“Difficulty is the Excuse History Never Accepts.” – Sue Grafton
I may also add it is the excuse no art instructor worth his or her salt would ever accept either.
When I use to hear the rationale ‘but I worked really hard on it’ I would always have to throw some water on the fire with this: ‘Your work being good is not a function of it being hard to do, it is a function of it being a good idea well executed, whether it took a year, or a minute.’
People don’t like to hear that. It is natural to want some credit for doing something difficult. And you should get credit, but it is direct credit. If you do something difficult the reward is ‘I am proud of you, you did something difficult’. The reward isn’t indirect. It doesn’t guarantee that what you created with difficulty is good.
It is especially hard to have this attitude with your kids, and it is heartbreaking to see your child do something with hard work and lots of sweat, only to find they got a C or a no comment, or even a harsh critique.

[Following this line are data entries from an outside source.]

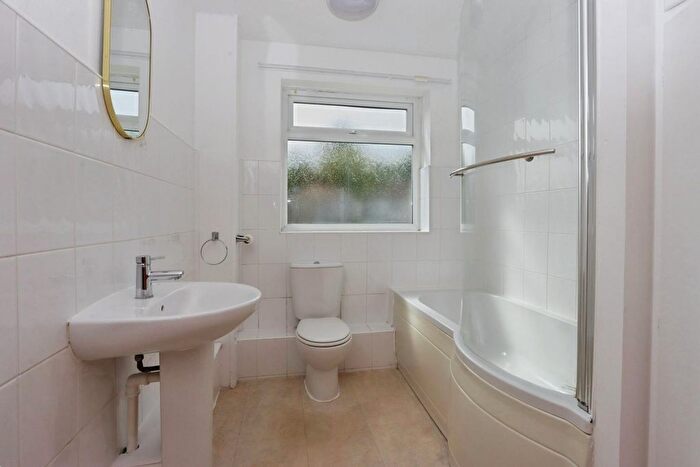 2 Bedroom Flat For Sale In Clover Court, Backmoor Road Sheffield, S8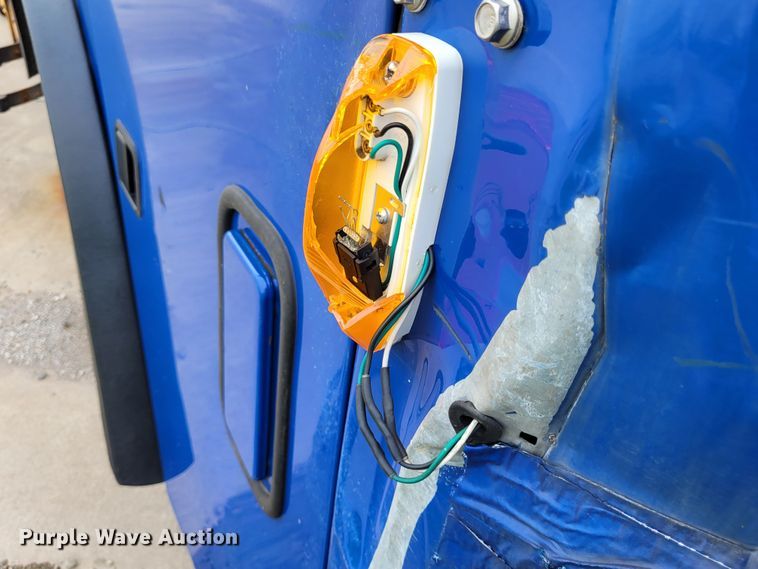 image for item DK1751 2014 Mack LEU613  refuse truck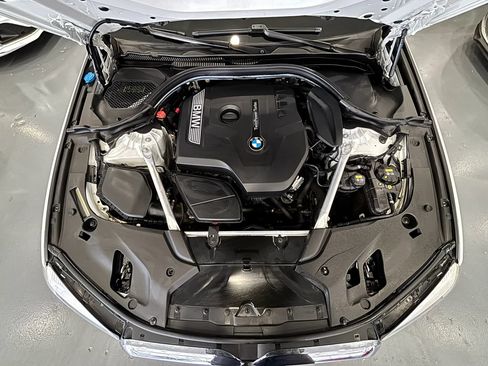 Used 2018 BMW 530i RWD image 46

But if you are helping them in the best way possible you will praise their hard work, reassure them of the good that is actually in the work and start to teach them the lesson that hard work doesn’t guarantee success, but it does guarantee progress and insight.
If you do that, then their self-esteem will not be attached only to their successes but to their failures and setbacks as well. And THAT is when their self-esteem will stay with them forever.